→ **Exercise objective**
Retype, word for word, the line holding "Roxy Round neck long sleeve T-shirt black" and every line below it to the end of the listing. Leave out the pictures.

→ **Record set**
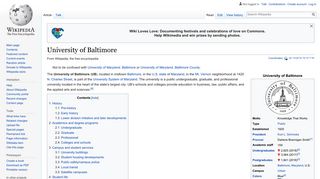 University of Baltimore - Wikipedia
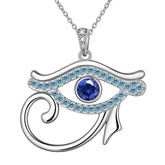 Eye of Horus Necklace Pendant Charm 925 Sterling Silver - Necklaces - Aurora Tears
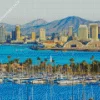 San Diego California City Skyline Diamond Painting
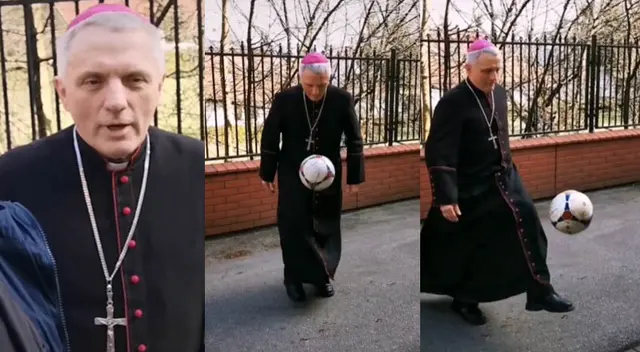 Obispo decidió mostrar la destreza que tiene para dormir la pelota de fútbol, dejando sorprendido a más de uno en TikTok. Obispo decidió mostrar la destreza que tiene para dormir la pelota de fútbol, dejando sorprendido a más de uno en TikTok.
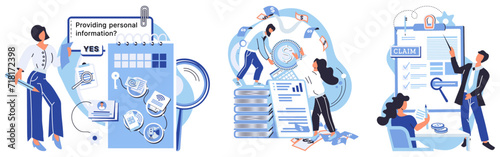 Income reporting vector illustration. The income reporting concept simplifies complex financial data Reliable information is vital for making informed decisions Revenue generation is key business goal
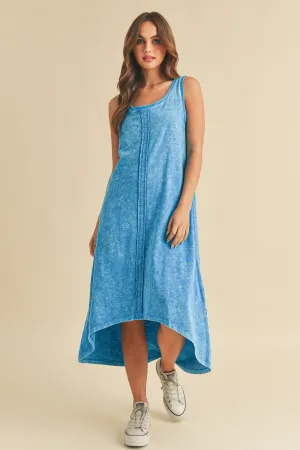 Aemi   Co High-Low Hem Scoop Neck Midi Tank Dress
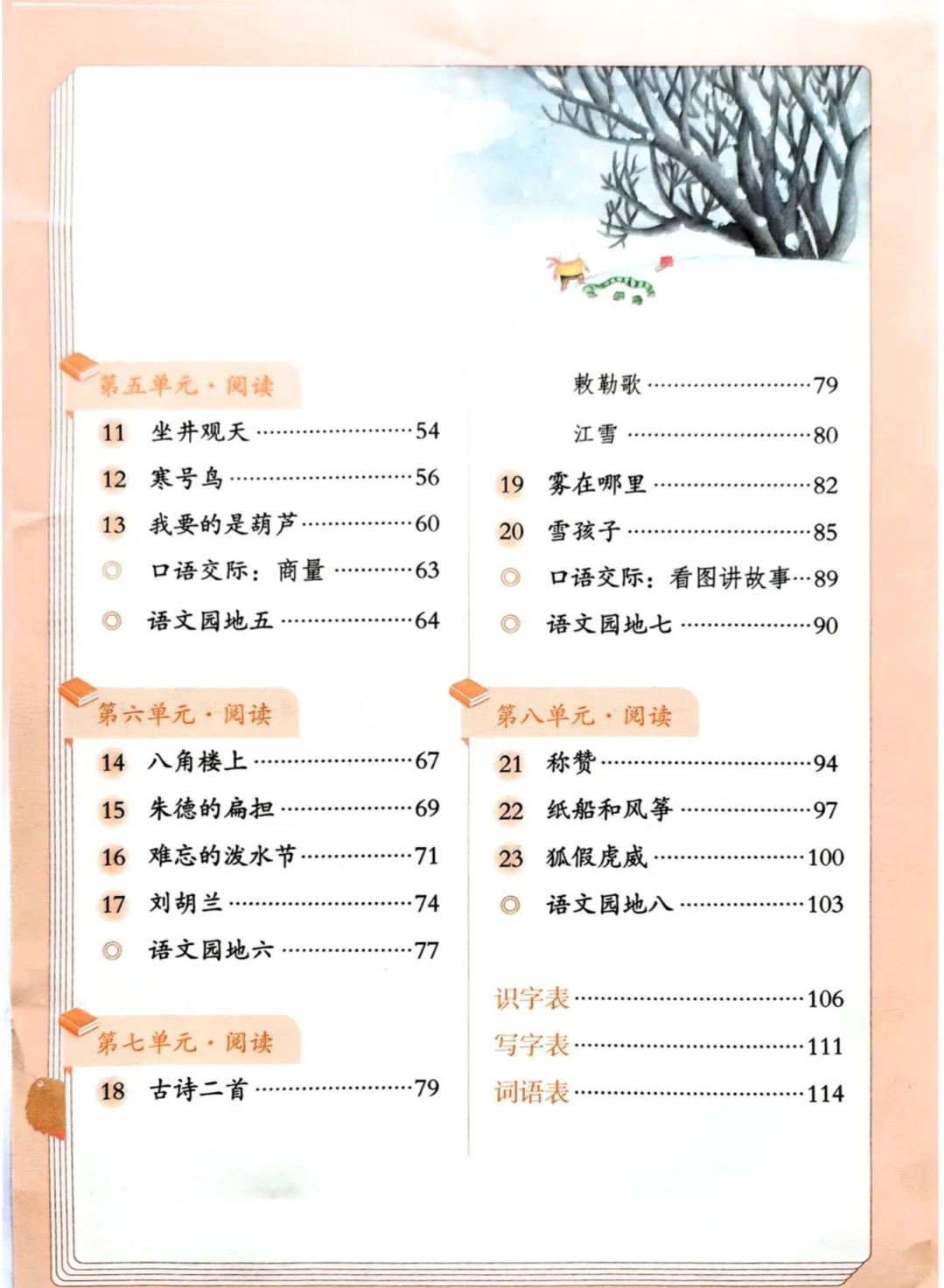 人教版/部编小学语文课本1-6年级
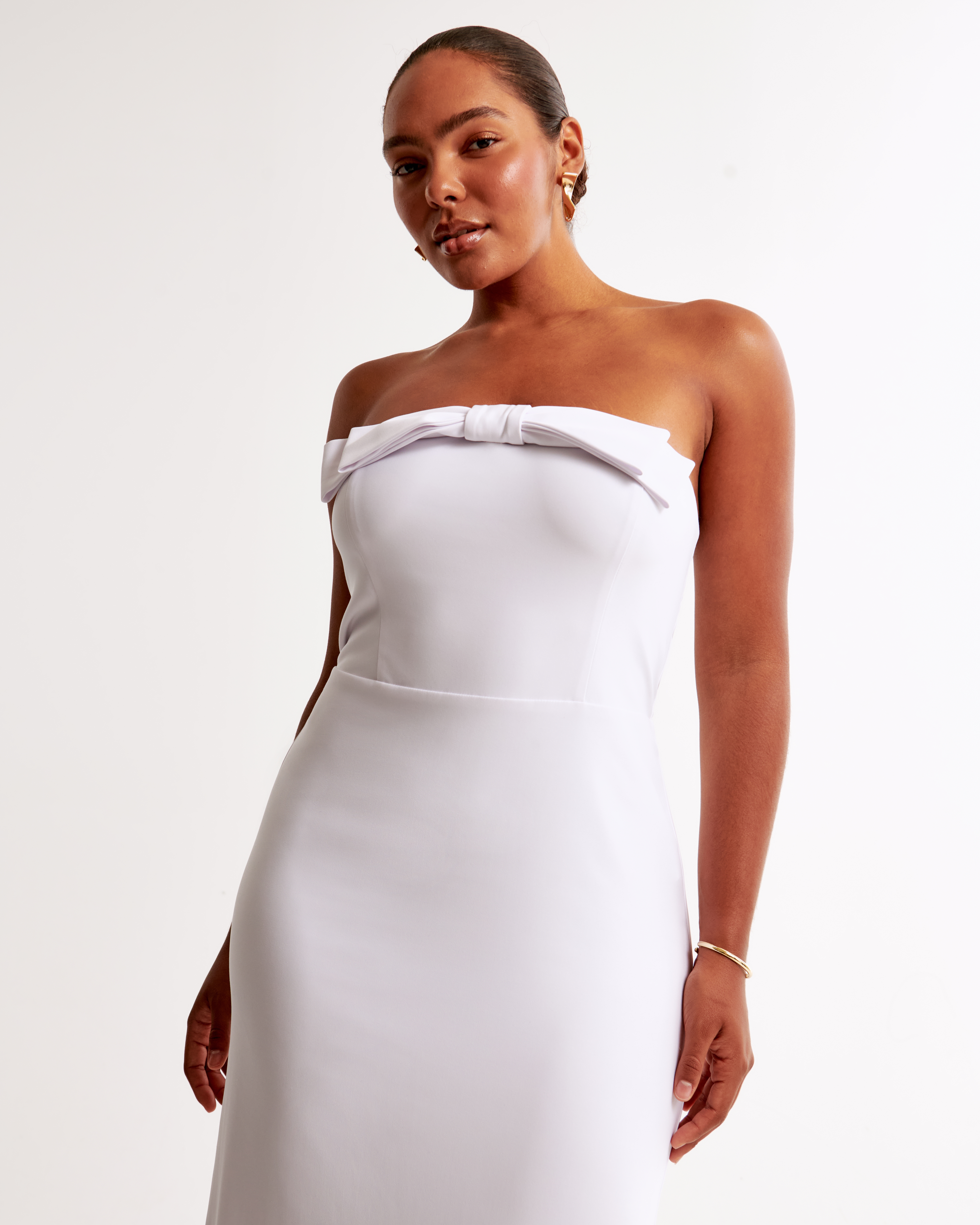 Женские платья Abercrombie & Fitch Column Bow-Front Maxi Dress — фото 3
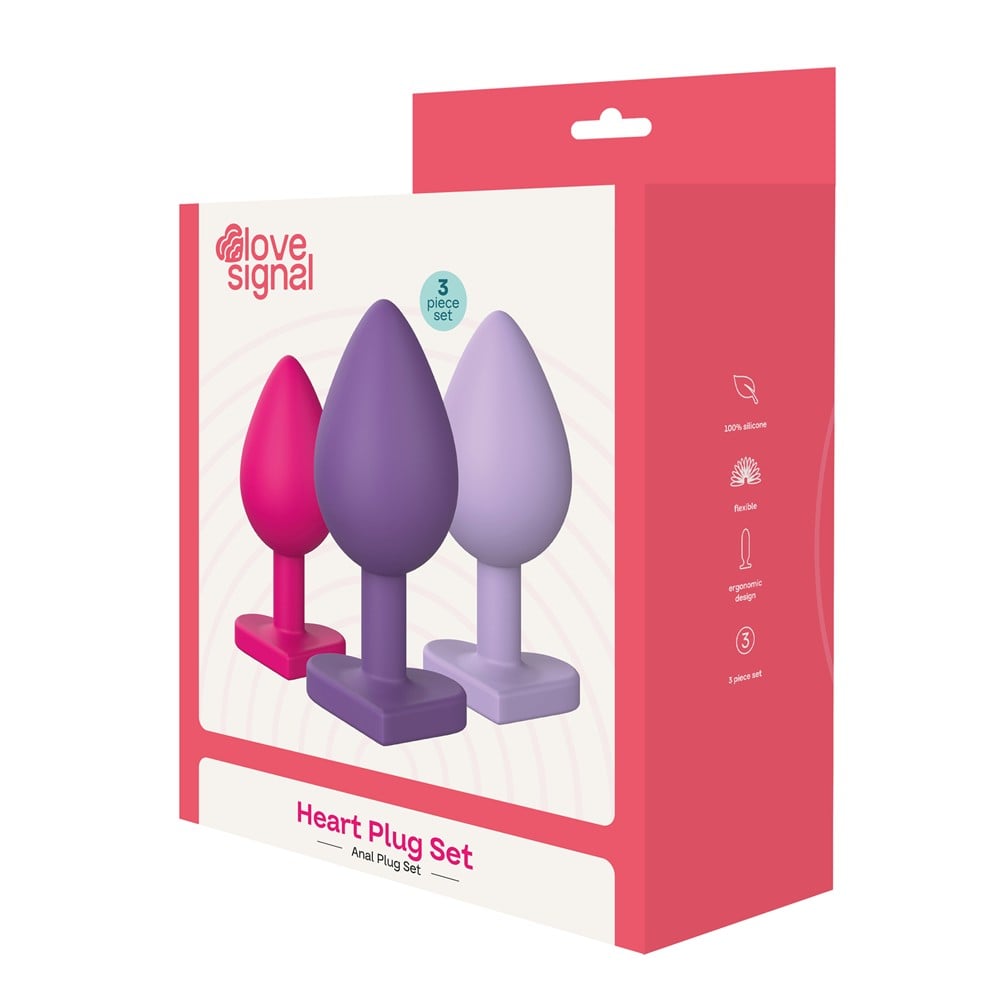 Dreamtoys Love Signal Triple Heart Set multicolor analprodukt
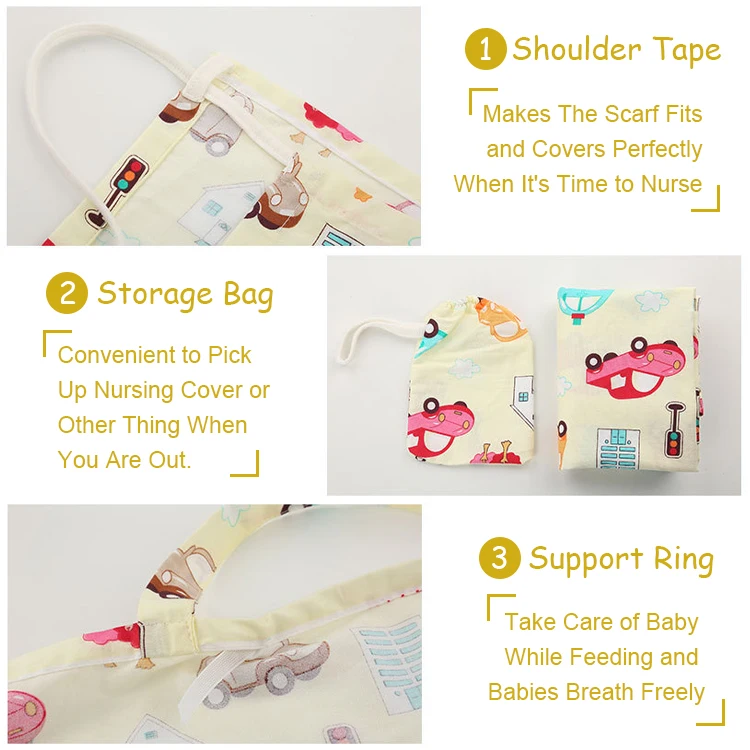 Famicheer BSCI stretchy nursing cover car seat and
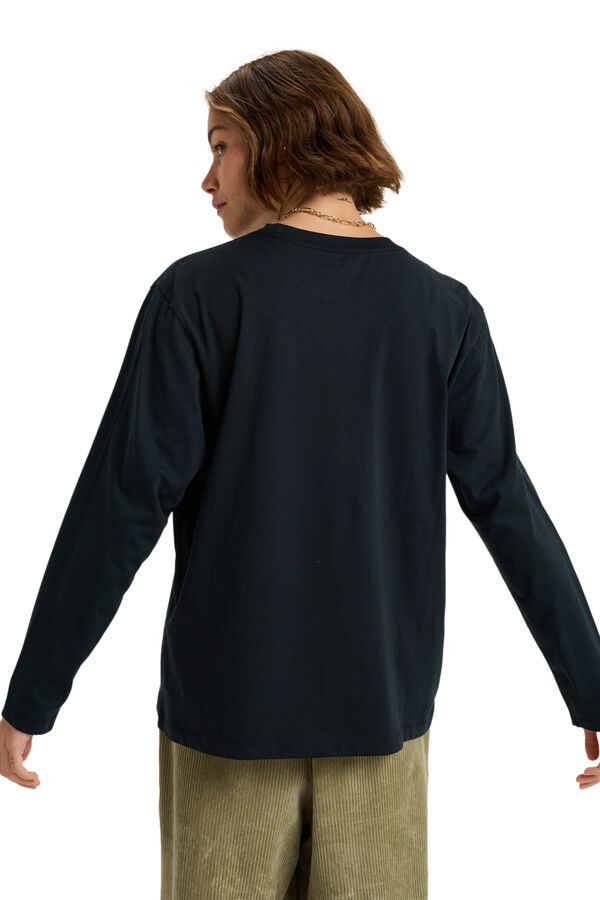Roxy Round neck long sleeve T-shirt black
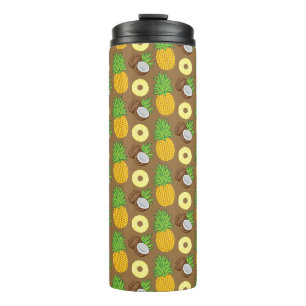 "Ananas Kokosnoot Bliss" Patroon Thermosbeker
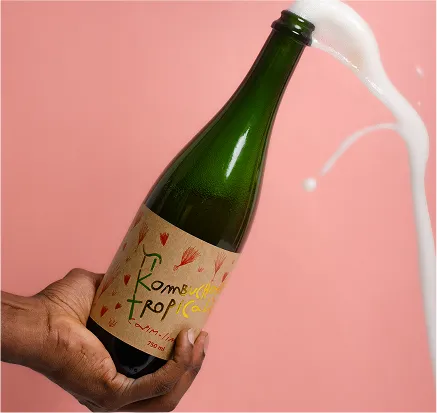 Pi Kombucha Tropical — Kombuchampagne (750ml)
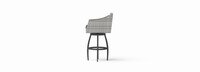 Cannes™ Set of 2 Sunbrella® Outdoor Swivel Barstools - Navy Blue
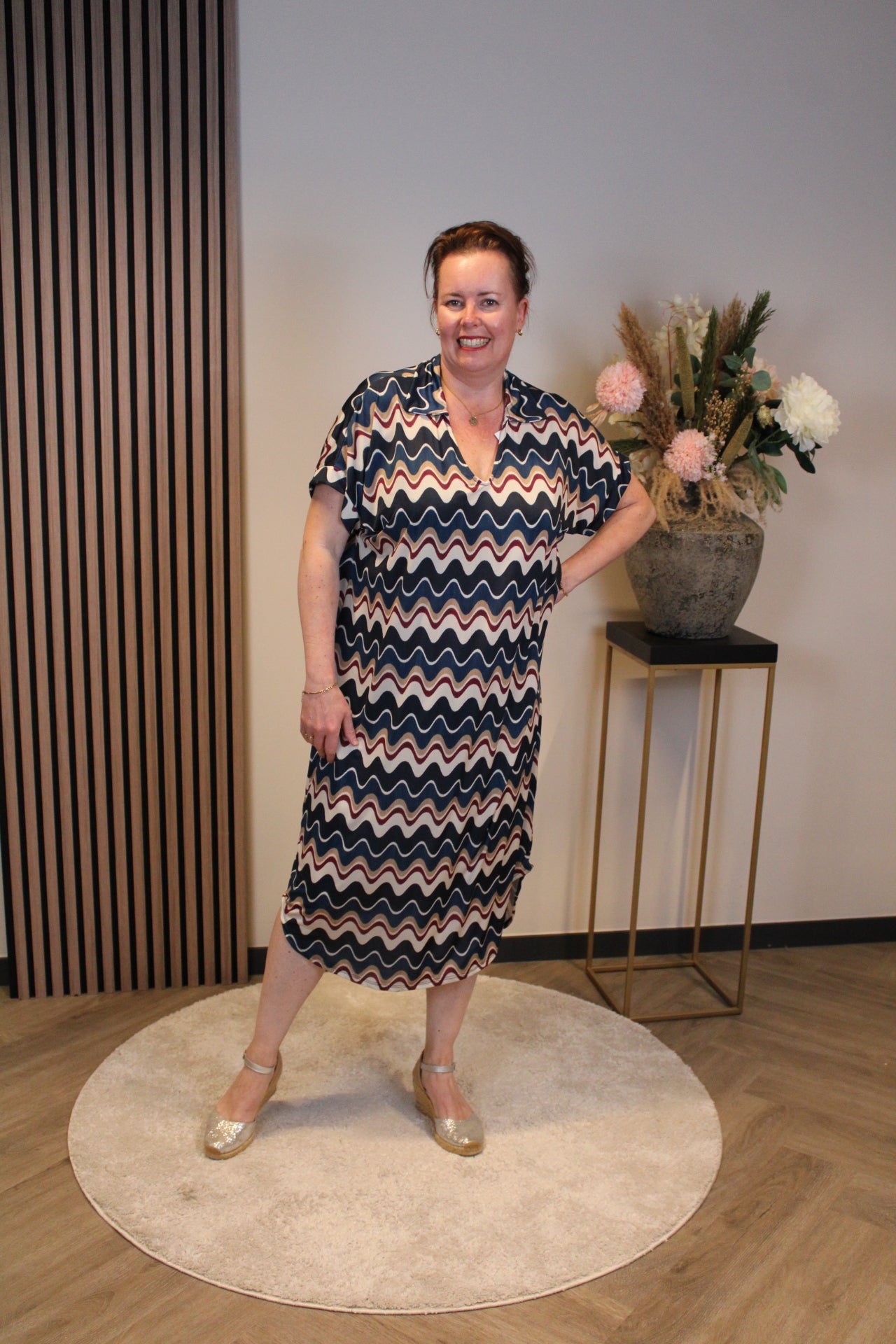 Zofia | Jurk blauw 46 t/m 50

→ **Finished task**
Roxy Round neck long sleeve T-shirt black
 "Ananas Kokosnoot Bliss" Patroon Thermosbeker
 Pi Kombucha Tropical — Kombuchampagne (750ml)
 Cannes™ Set of 2 Sunbrella® Outdoor Swivel Barstools - Navy Blue
 Zofia | Jurk blauw 46 t/m 50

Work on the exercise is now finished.